Evidence of meeting #7 for Electoral Reform in the 42nd Parliament, 1st Session. (The original version is on Parliament’s site, as are the minutes.) The winning word was ireland.

A video is available from Parliament.

On the agenda

MPs speaking

Also speaking

Michael Gallagher  Professor of Comparative Politics, Trinity College Dublin, As an Individual

11:05 a.m.

Michael Gallagher

Well, it is a fact that to be elected in Ireland it does help if you have a name early in the alphabet. It's a striking phenomenon that academics have noticed. If your name begins with “A”, “B”, “C”, or “D”, that helps you.
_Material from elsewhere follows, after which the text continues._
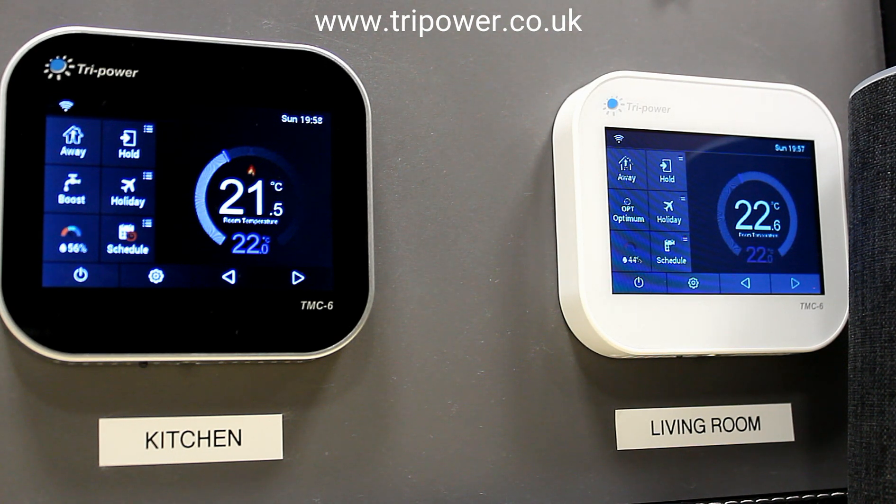Hi, welcome to Try Power Environmental Energy. Today I'd like to show you just a brief overview of the TMC6 series of thermostats working with Amazon's Alexa on voice control. So you download the skill from Amazon and the skill is called My Comfort House.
If it begins with “Z“, actually, that's okay too. If it begins with “M” or “O”, that's not so good; you're lost in the middle. It's something that people have noticed, but it still goes on. Personally, I think randomizing the order of names would be a good idea, but it's not mandatory.

11:05 a.m.

Michael Marsh

The Supreme Court, I think, looked into this and said it wasn't for them to look into the mind of the voter. You could certainly randomize it, but that might make it even more difficult for voters to find the candidates they were looking for.

11:05 a.m.

Liberal

The Chair Liberal Francis Scarpaleggia

Thank you very much.

We'll go to Mr. Cullen now.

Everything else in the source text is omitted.